No maten a Voltaire

La Francia cuna de la ilustración y defensora de los derechos humanos vivió un brillante siglo XVIII. El llamado siglo de las luces supuso un terremoto moral y político que desembocó en la Revolución Francesa y la demolición más o menos controlada del antiguo régimen en Europa.

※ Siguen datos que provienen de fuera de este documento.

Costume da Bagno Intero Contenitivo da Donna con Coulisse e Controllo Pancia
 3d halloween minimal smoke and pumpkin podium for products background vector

    14 ene 2015 / 11:45 H.

    Una figura imprescindible para entender dicho siglo es la del escritor, historiador, filósofo y abogado francés François Marie Arouet , más conocido como Voltaire. Pocas personalidades han demostrado mayor viveza intelectual y capacidad crítica que este gigante del pensamiento. Su biografía es una amalgama de peripecias vitales donde no faltan todo tipo de vicisitudes en forma de duelos, arrestos o destierros mientras construía una extensa obra literaria y filosófica que lo encumbraban como uno de los opinantes más cualificados de su tiempo. Muy influenciado por autores como Bacon, Newton o Locke defendía la libertad de pensamiento, la tolerancia y la justicia como instrumentos superadores de la ignorancia, el dogmatismo y las supersticiones de toda índole. Sus grandes aliados fueron el verbo fácil y una pluma bien afilada. Utilizó con maestría la ironía y el sarcasmo, algo que no le ahorró enemigos pero que lo encumbró como uno de los mayores defensores de la libertad de expresión de todos los tiempos. Tan solo unos días después de los terribles hechos que golpearon París conviene recordar que la libertad de expresión debe protegerse como un derecho inherente al ser humano incluida su vertiente más ácida como es la sátira. El semanario francés Charlie Hebdo, digno heredero del Voltaire más irreverente, no ha renunciado a mantener esa higiénica costumbre que supone la crítica mordaz hacia cualquier estamento religioso o de poder. Las atroces consecuencias que sufrieron por ser coherentes con estos ideales nos deben reafirmar en la convicción de que blindar nuestras libertades individuales es la mejor vacuna contra la autocensura, de forma que la sociedad pueda mantener su espíritu crítico,      su cuestionamiento permanente y, por tanto, su desarrollo.  Javier Morallón.